§ **THE PROBLEM**
Unless a line falls after the one with "IMD Marble Pattern", retype it exactly from the records below; leave out all pictures.

§ **MATERIAL SHOWN**
· · · · ·

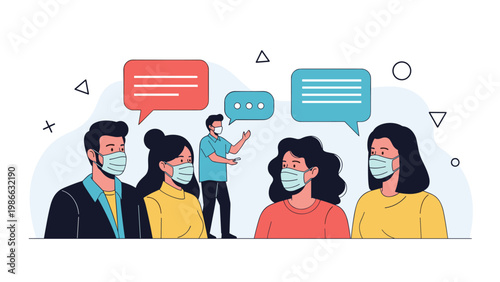 Diverse group of people wearing surgical masks while communicating with speech bubbles, representing safety protocols and social distancing measures.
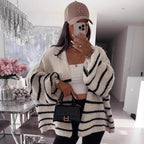 Damen Strickjacke mit voluminösen Ärmeln und modischen Streifen R&B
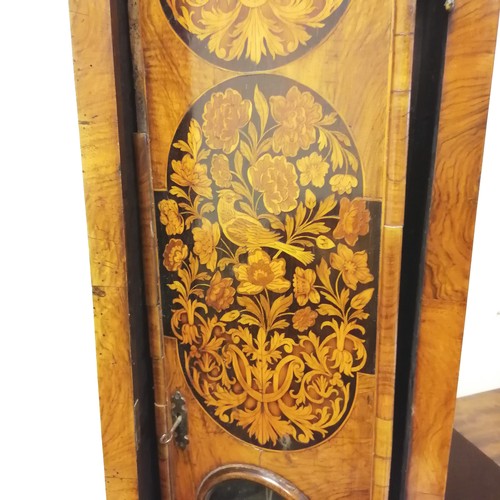 781 - Dutch Walnut and marquetry inlaid longcase clock, by Ben Child London, 225 cms in height, 49 cms in ... 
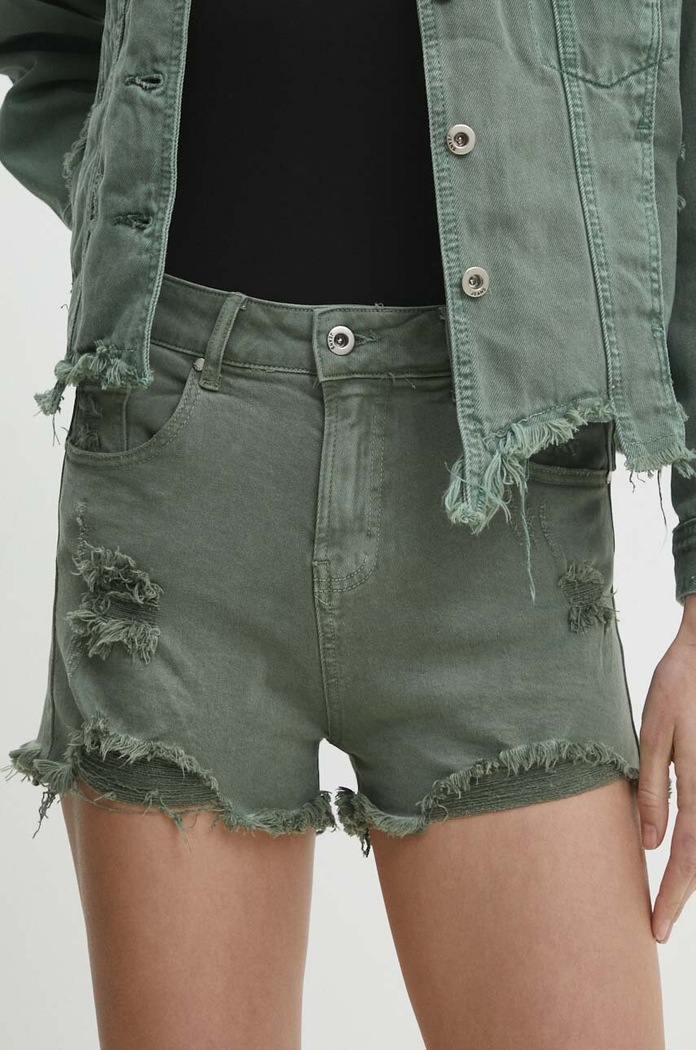 Answear.LAB szorty jeansowe z elastanem zielony 5623.pjs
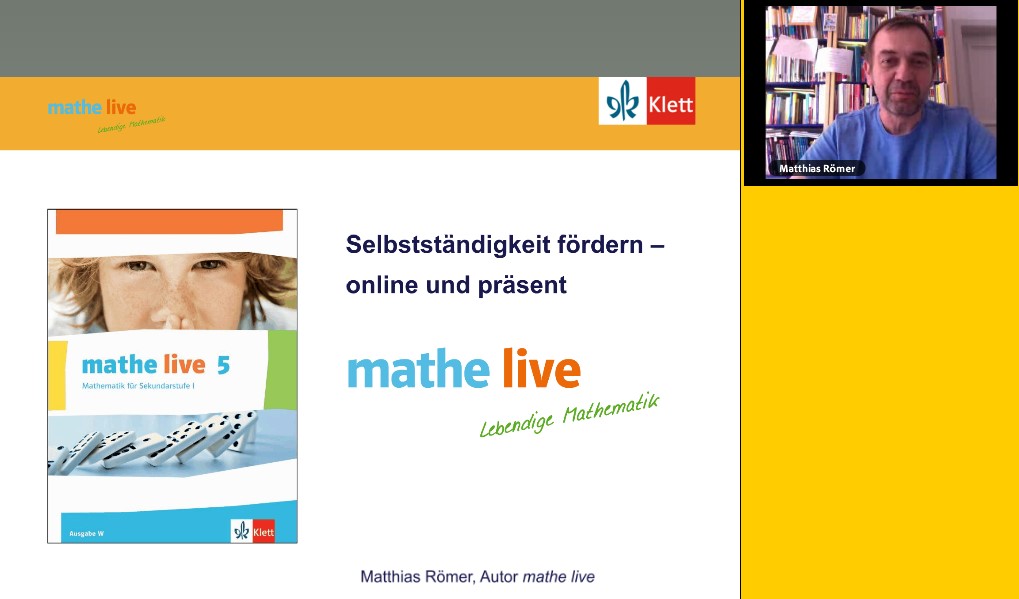 Vorschaubild eines Live-Mitschnitts eines Online-Seminars zu „Unterrichten mit mathe live“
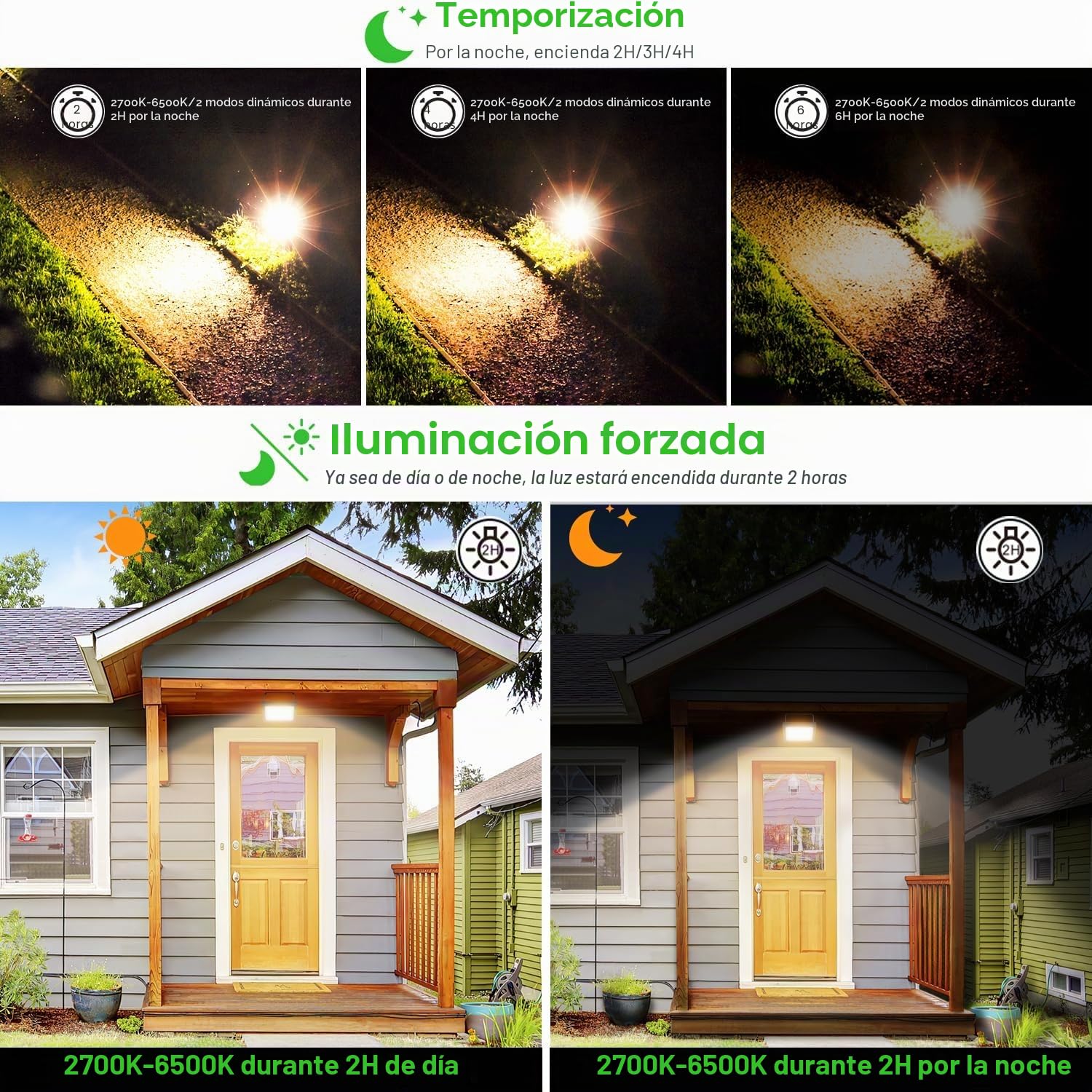 CLY Focos Led Exterior Solares Con Control Remoto 30W 2600LM Luz Solar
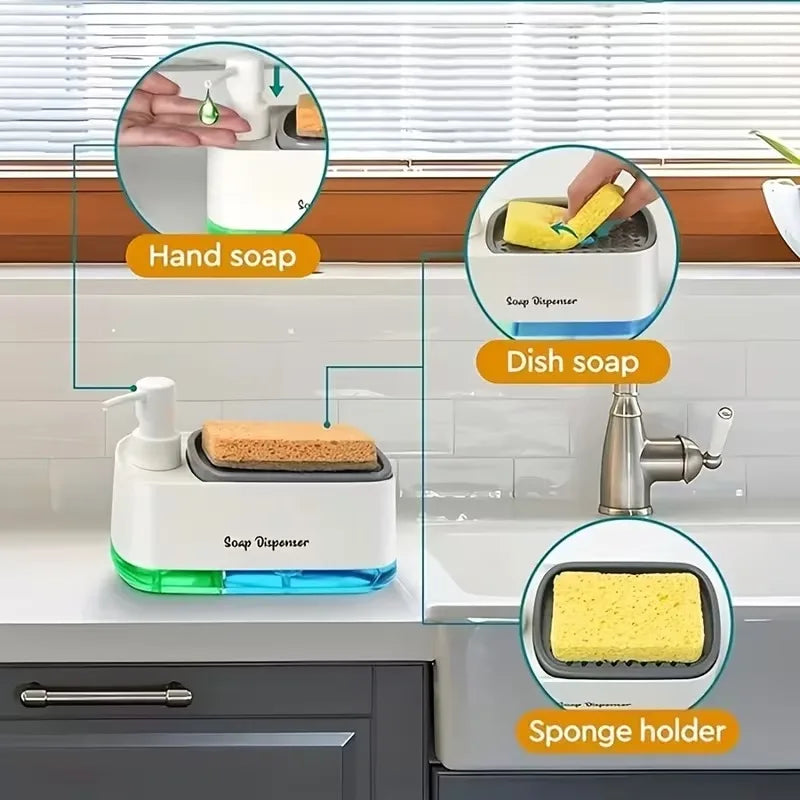 Dual Pump Soap Dispenser 3-In-1 Organizer Sponge Storage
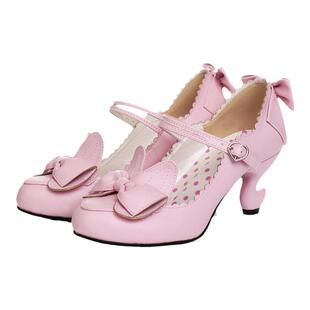 【菟菟丝】原创日系甜美可爱兔耳蝴蝶结桌脚高跟小皮鞋lolita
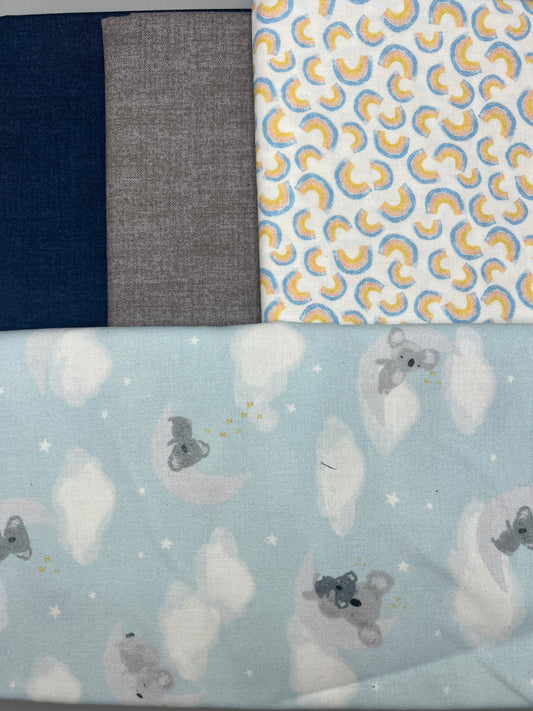 4 Piece - One Meter Bundle /  Kids Kohla, Blue, Gray & Print Bundle
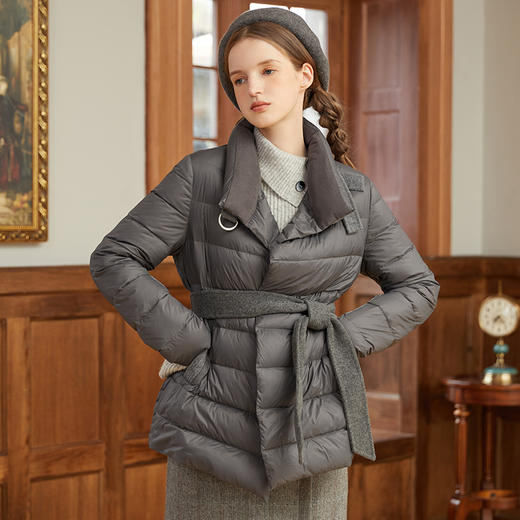 famecoco范可儿羽绒服女短款立领轻薄款冬季收腰腰带外套F228AM007 商品图3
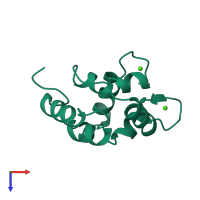PDB entry 1bu3 coloured by chain, top view.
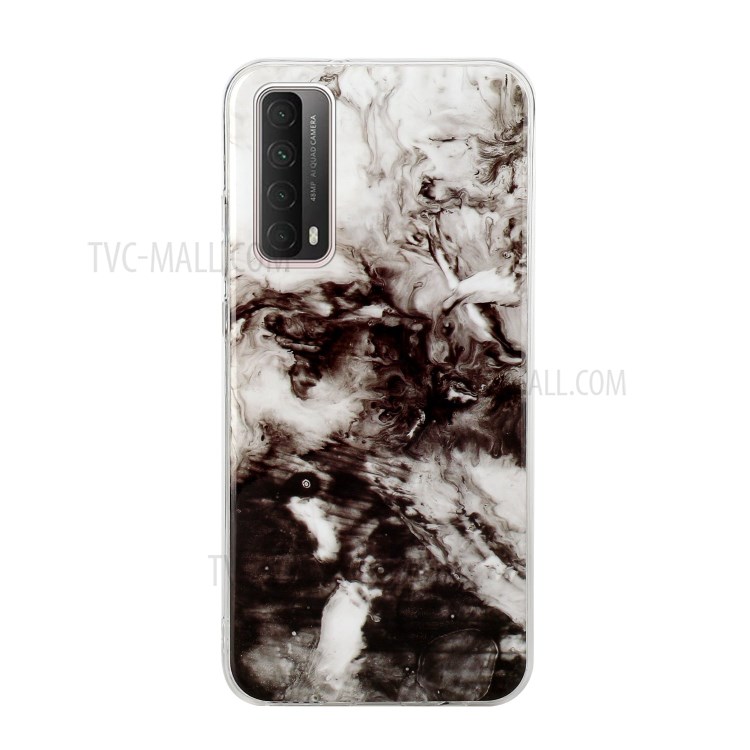 IMD Marble Pattern TPU Back Cell Phone Case for Huawei P smart 2021/Y7a - White/Black-2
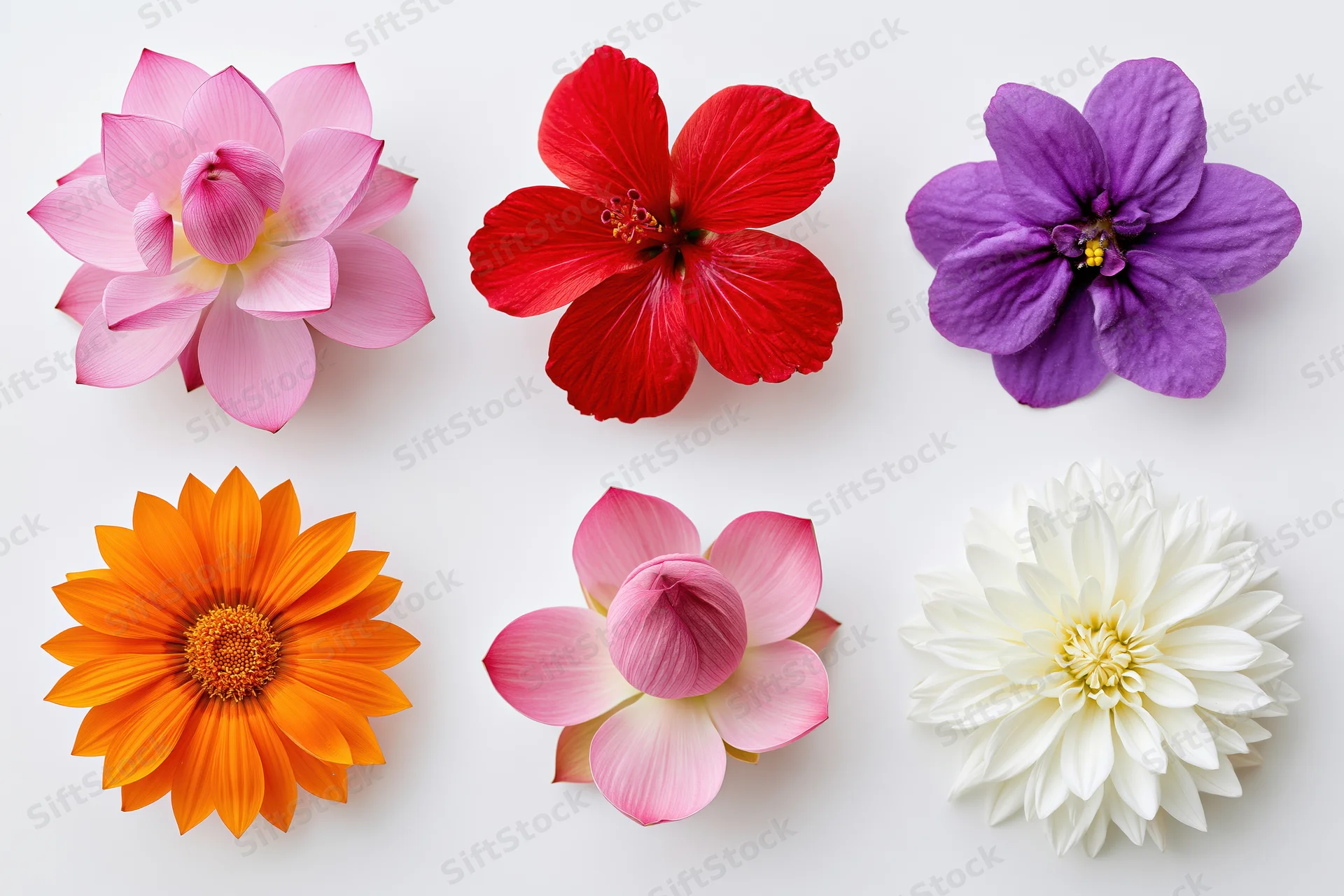 Six individual flower heads arranged in a two-row grid against a white background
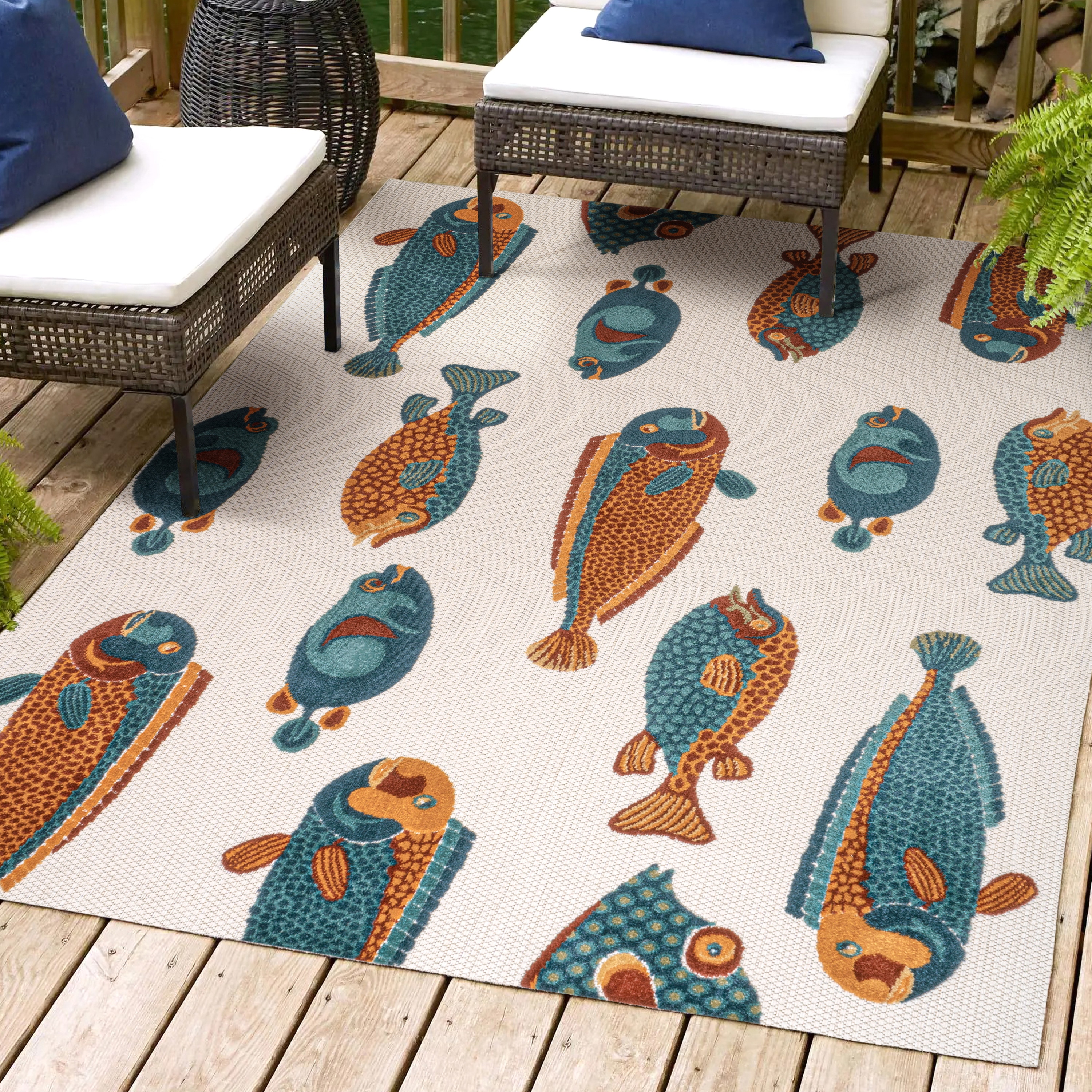 Navy and Orange Coastal Fish Pattern Synthetic 8' x 10' Area Rug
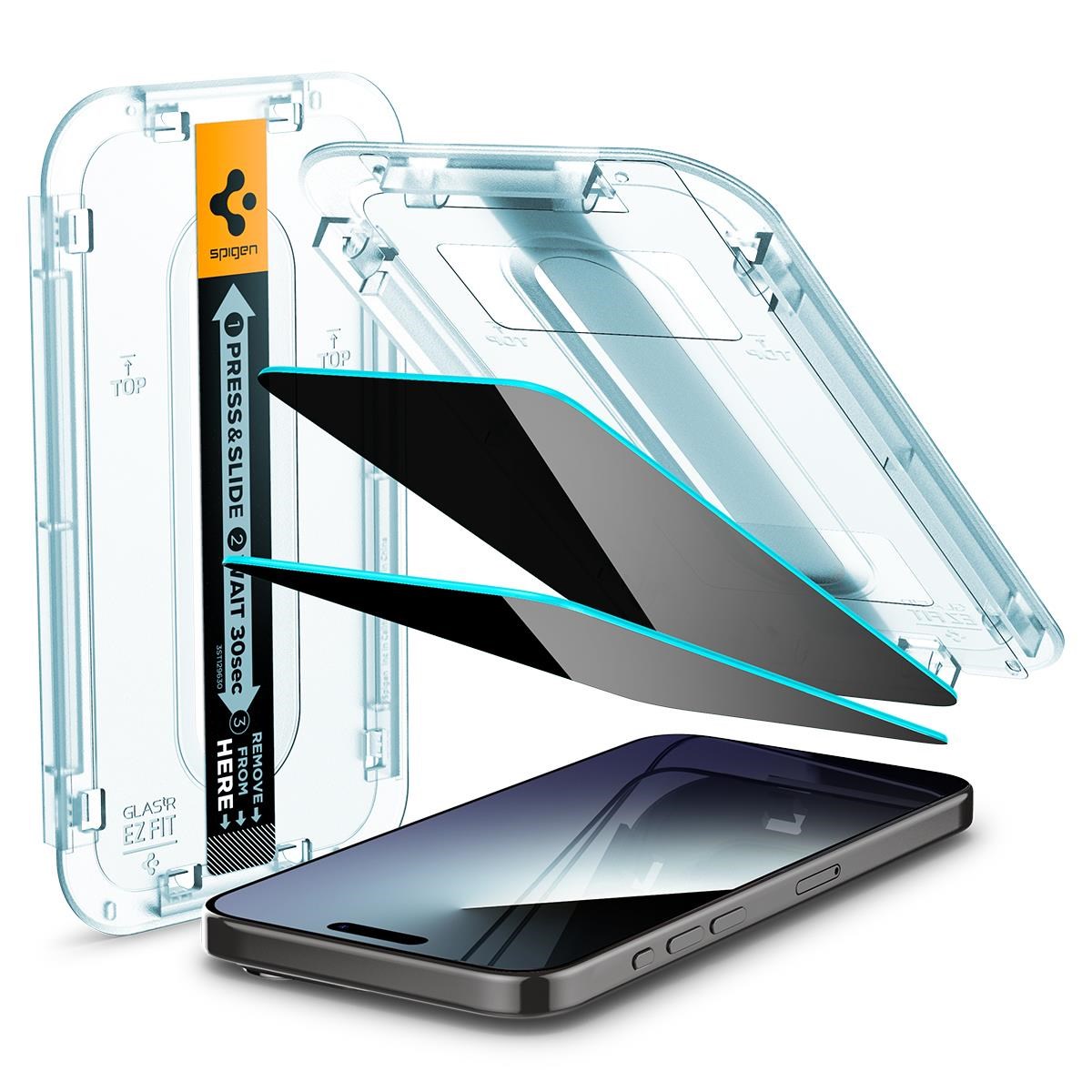 Spigen Glass tR EZ Fit (Privacy) 2 Pack - Transparency - Iphone 15 Pro - Handys Schutzfolie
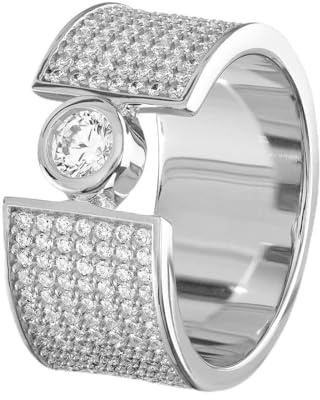 JETTE Damen-Damenring 925er Silber 155 Zirkonia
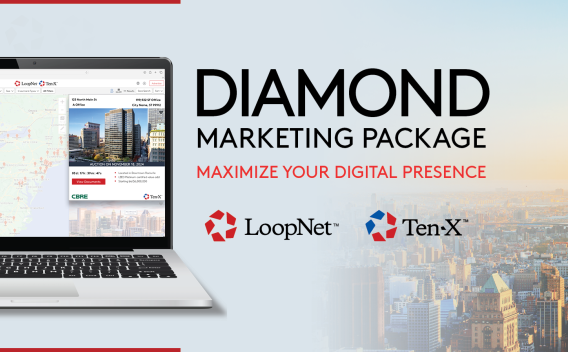 Image of a laptop with a LoopNet Diamond ad displayed. The text reads: "Diamond Marketing Package: Maximize Your Digital Presence"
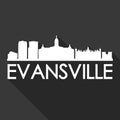 Evansville Indiana United States Of America USA Icon Vector Art Flat Shadow Design Skyline City Silhouette Black Background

· · · · ·

§ **YOUR RESPONSE**
 Diverse group of people wearing surgical masks while communicating with speech bubbles, representing safety protocols and social distancing measures.
 Damen Strickjacke mit voluminösen Ärmeln und modischen Streifen R&B
 781 - Dutch Walnut and marquetry inlaid longcase clock, by Ben Child London, 225 cms in height, 49 cms in ... 
 Answear.LAB szorty jeansowe z elastanem zielony 5623.pjs
 Vorschaubild eines Live-Mitschnitts eines Online-Seminars zu „Unterrichten mit mathe live“
 CLY Focos Led Exterior Solares Con Control Remoto 30W 2600LM Luz Solar
 Dual Pump Soap Dispenser 3-In-1 Organizer Sponge Storage
 【菟菟丝】原创日系甜美可爱兔耳蝴蝶结桌脚高跟小皮鞋lolita
 4 Piece - One Meter Bundle /  Kids Kohla, Blue, Gray & Print Bundle
 famecoco范可儿羽绒服女短款立领轻薄款冬季收腰腰带外套F228AM007 商品图3
PDB entry 1bu3 coloured by chain, top view.
 IMD Marble Pattern TPU Back Cell Phone Case for Huawei P smart 2021/Y7a - White/Black-2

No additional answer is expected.